Our next question comes from the line of Rajeev Lalwani with Morgan Stanley. Please proceed with your question.

Rajeev Lalwani - Morgan Stanley

Hi, thanks for taking my question. I wanted to come back to just the confidence in hitting some of your targets and numbers coming forward. Can you talk more about the specific leverage you have in O&M CapEx equity that will help you get the numbers. And then second relating to that to the extent that you can't hit your numbers for whatever reason, couldn’t you just go ahead and file a rate case? And obviously this is all assuming that the commission approves your request.

Jim Hatfield

Well, so levers we have we don't plan on achieving equity till 2016 at the earliest. You saw the numbers flat O&M with benefits down. That continues to be lever, I would say overall cost control is a focus of this company and we’re more managing cost well. And we have the mechanism that I talked about.

So we've said we do want to file in ‘15, so we'll see how that goes we have large CapEx going in ‘16, ‘17 and ‘18. So moving the right case back certainly lines up better with our CapEx spend. So we're highly confident, we're going to hit our numbers during this period.

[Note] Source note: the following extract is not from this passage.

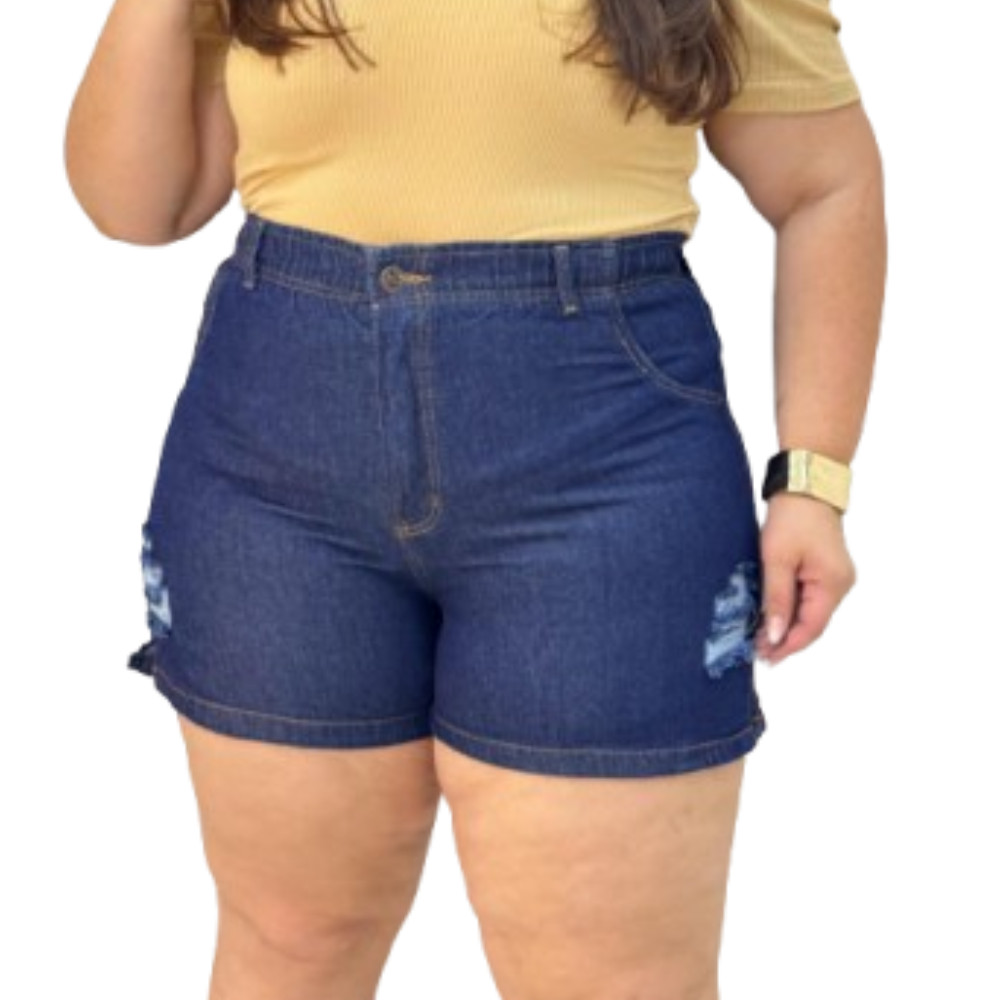 Short Jeans Feminino Plus Size Elastico na Cintura detonado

Rajeev Lalwani - Morgan Stanley

Okay. And then are you envisioning or does your request for the commission to have some sort of stay out period or would they just potentially remove the requirement to file a rate case and you can come in at any time?

Don Brandt

Remember, under the settlement, we could not file until May 31, 2015. The net meter in May order that sort of coming on that date, if they remove that, it's open in after May 31st we could follow last half of '15, '16, '17. There is no requirement at that point.

Rajeev Lalwani - Morgan Stanley

Great. That was it. Thank you, sir.

Operator

Our next question is a follow-up question from Julien Dumoulin-Smith with UBS. Please proceed with your question.

Julien Dumoulin-Smith - UBS

Hey, one more time here. I just wanted to get some clarity, if you wouldn't mind, about when you would expect to see new solar tariffs in place coming out of both these workshops and revisiting the broader subject of solar tariffs? And then secondly, just to be very clear about it, when would you expect to file another rate case, given your commitment to continue earnings your ROE irrespective?

Don Brandt

So on the first side, if you not ask or do we expect any change in the $5 tariff at this point. And remember that tariff those to offset the LFCR. So there is no income impact ATS. Second of all, we wouldn't follow-up to at least 2016 at the earliest and that would be dependent upon earnings and allowed ROEs around the country and some of the other things.

Julien Dumoulin-Smith - UBS

And just to be clear, in theory, when would that $5 tariff at least be revisited, just procedurally speaking.

Don Brandt

That would be, if you do a rate design change or a change like that that would happen in the next rate case.

Julien Dumoulin-Smith - UBS

Got you. In some sense you would be revisiting that here in the near term, subsequently implementing whatever changes came out of that at the conclusion of a rate case in 2016?

Don Brandt

Yes conceptually that the commission right now is talking about going some generic rate design discussions that would benefit from having our rate case come after those discussion have occurred which is part of the desire to move that out to 2016. Once you get through those discussions then you could begin to implement those in that subsequent rate case.

Julien Dumoulin-Smith - UBS

And there would be no requirement, even in 2016, for you to file, right? That's just your, that would be subject to your decision.

Don Brandt

The proposal right now is they are talking about is to lift the requirement that we file in 2015 it was in the net mitering decision if you look that back you would go back to the underlying settlement which had a no earlier than requirement.

Julien Dumoulin-Smith - UBS

Right, great. Thank you.

Operator

We have no further questions at this time. I would now like to turn the floor back over to management for closing comments.

Paul Mountain

That concludes our call. Thanks, everybody.

Operator

Ladies and gentlemen, this does conclude today's teleconference. You may disconnect your lines at this time. Thank you for your participation, and have a wonderful day.